4.4 The extent and content of Advertising associated with a Promotion shall be
within the Company’s discretion (the Company will retain full editorial
control), subject to the general substance of the same having been agreed with
the Advertiser prior to broadcasting (such agreement not to be unreasonably
withheld or delayed).
4.5 In respect of a Promotion, the Company will produce a promotional trailer
(“the Trailer). The script for the Trailer shall be approved by the Advertiser
(such approval not to be unreasonably withheld or delayed) in good time before
the scheduled start of the Pre-Promotion Period. Failure to do so may result in
a delay or cancellation of the Promotion (in the Company’s absolute discretion)
but shall not affect the Advertiser’s obligation to pay the Fee (and Costs).
4.6 Advertising shall only be broadcast if:-
- the Advertiser has obtained all necessary licences and consents for the
placement of any material protected by any intellectual property or other
rights contained in the Advertising; and
- the Advertising is not defamatory or slanderous of any third party or
inaccurate or misleading or in contravention of any relevant legal or
regulatory requirement or code of practice (whether voluntary or obligatory)
relating thereto and does not infringe any rights of a third party
4.7 The Advertiser must comply with such technical requirements and other
procedures as the Company may require in respect of the same. In particular
(without limitation) any product claims contained in the Advertising must be
capable of verification and, if requested by the Company, the Advertiser shall
provide evidence of the same. For the avoidance of doubt, the Company shall have
no liability or responsibility for verifying any such product claims or ensuring
that the Advertising complies with this Condition 4.7.
4.8 The Company may (without incurring any liability whatsoever) amend or
decline to broadcast the Advertising if, in the Company’s opinion, the
Advertising does not comply with Condition 4.6 or 4.7 or is otherwise unsuitable
or inappropriate for broadcast (in the Company’s absolute discretion) or Ofcom
requires it to do so.
4.9 If the Company exercises its discretion pursuant to Condition 4.7, it will
notify the Advertiser as soon as practicable who shall consult with the Company
with respect to supplying alternative Advertising if appropriate. Should
alternative Advertising not be appropriate or not accepted by the Company (or
not be provided), the Advertiser shall remain liable to pay the Fee (and Costs)

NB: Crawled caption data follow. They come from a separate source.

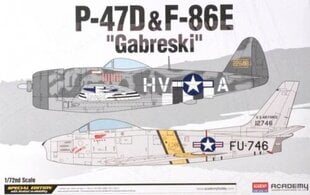 Liimitav mudel Academy 12530 P-47D & F-86E Gabreski Limited Edition 1/72 цена и информация | Склеиваемые модели | kaup24.ee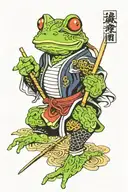 frog samurai tattoo design idea
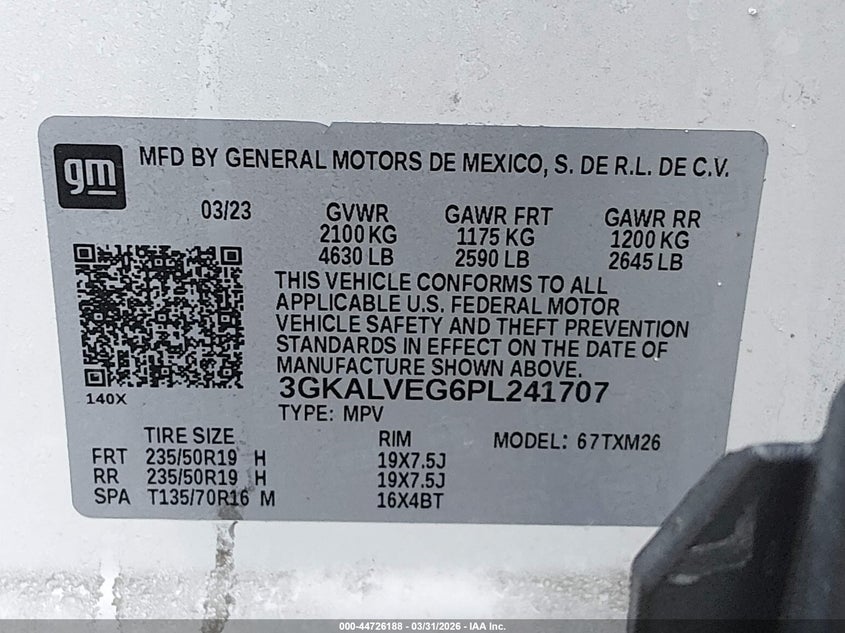 2023 Gmc Terrain VIN 3GKALVEG6PL241707 IAAI salvage auction — SIDE, Wait Title, sold $8,900 on 2026-07-09 (photo 9)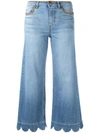 RED VALENTINO Wide leg scalloped hem jeans,MACHINEWASH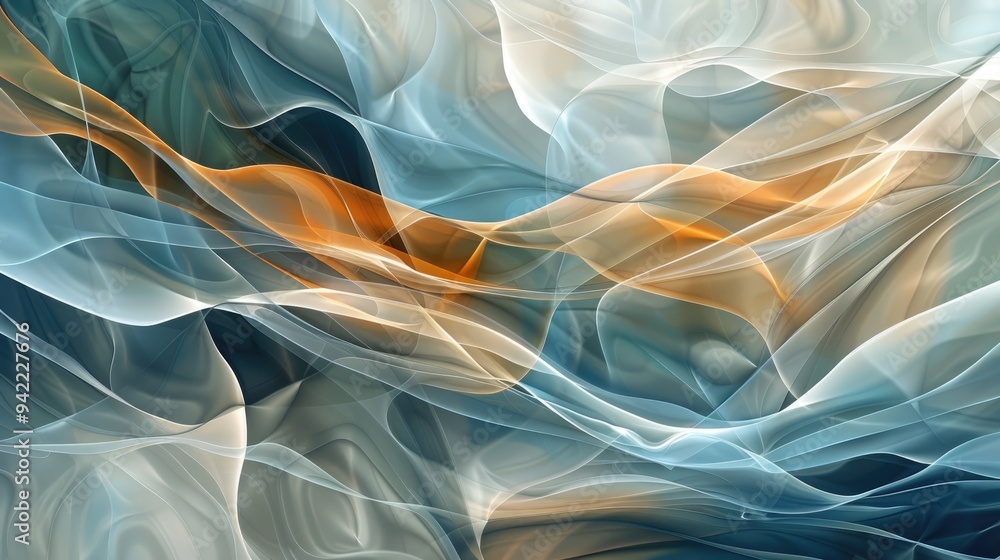 An abstract representation of waves with flowing lines and shapes An abstract representation of waves with flowing lines and shapes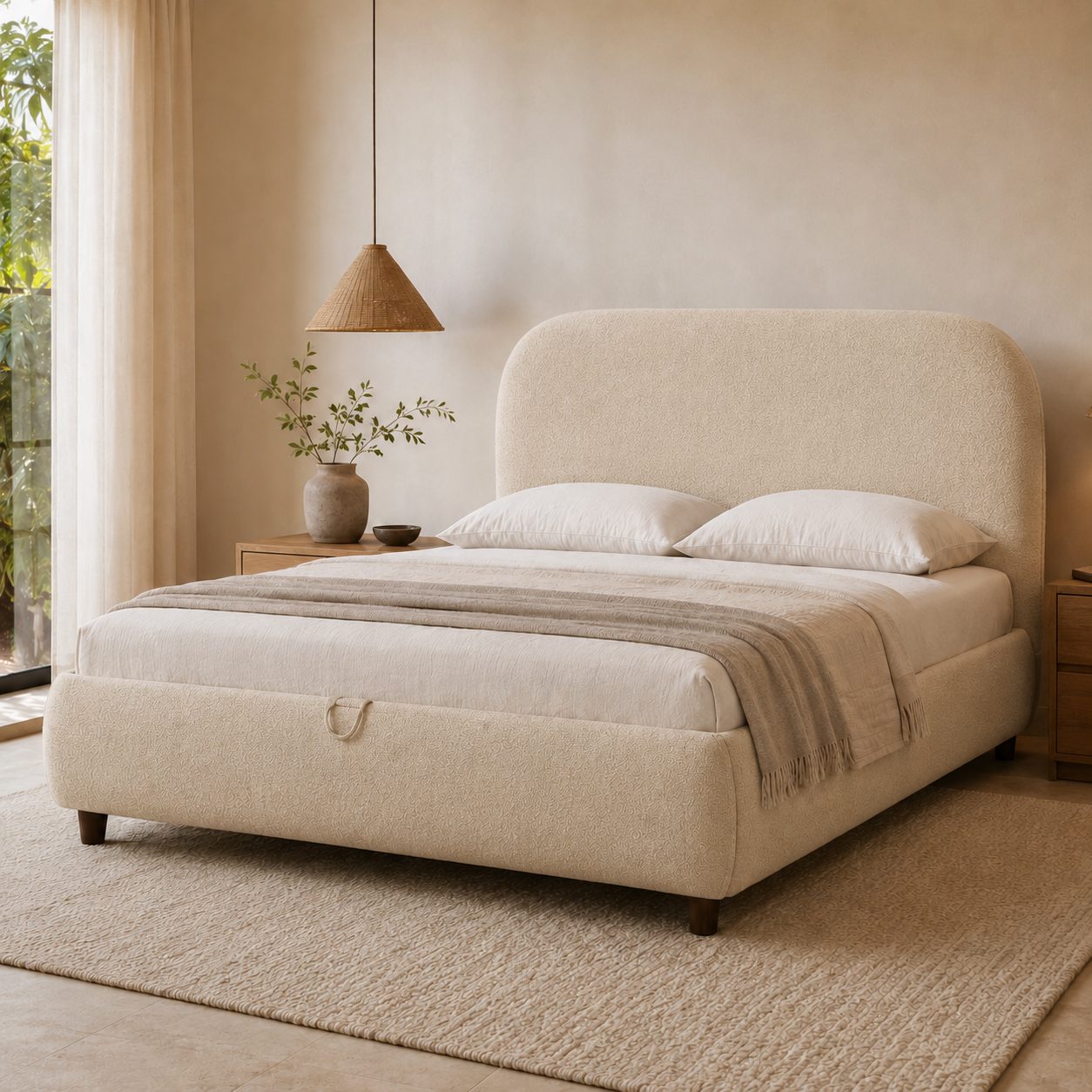 ZULFA Premium Luxe cloud storage bed in Cloud Beige with a 12-inch Queen mattress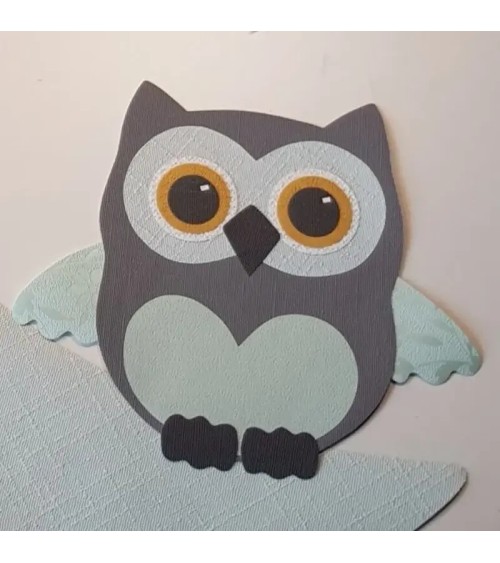 Muursticker kleine behang uil oranje, groen en roest.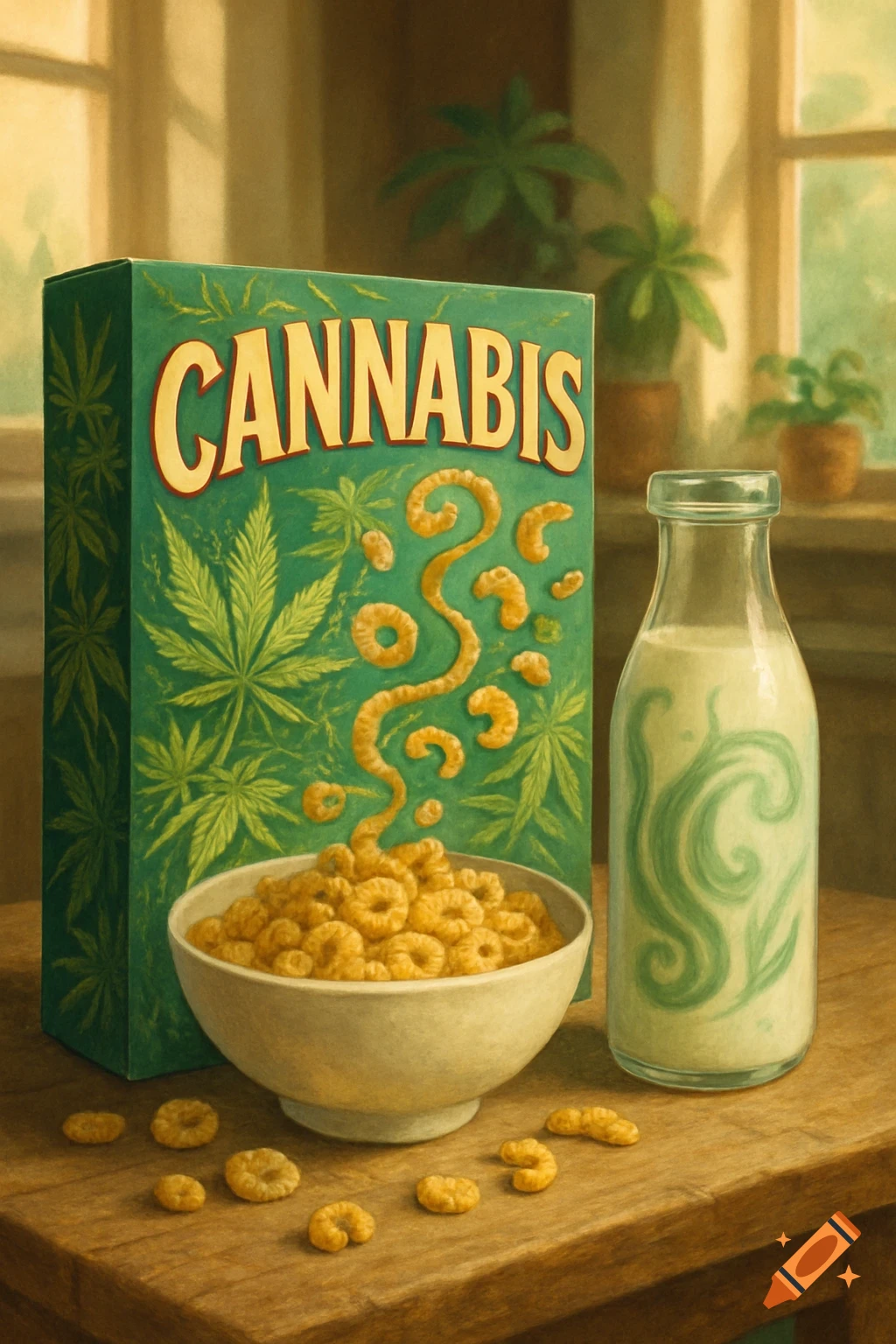 A 'CANNABIS' cereal box, a bowl of cereal, and a milk bottle with a cannabis leaf design on a wooden table.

for the entirety of the Campaign whether or not the advertising time booked is
used to broadcast the Advertising and the Advertiser shall have no claim against
the Company for any expense or damage whatsoever incurred as a result thereof.
If, pursuant to Condition 4.8, the Company has amended the Advertising, it shall
supply a copy of the same to the Advertiser.
4.10 Acceptance of Advertising by the Company does not confer any right for the
Advertiser to have a repeat order accepted on similar terms.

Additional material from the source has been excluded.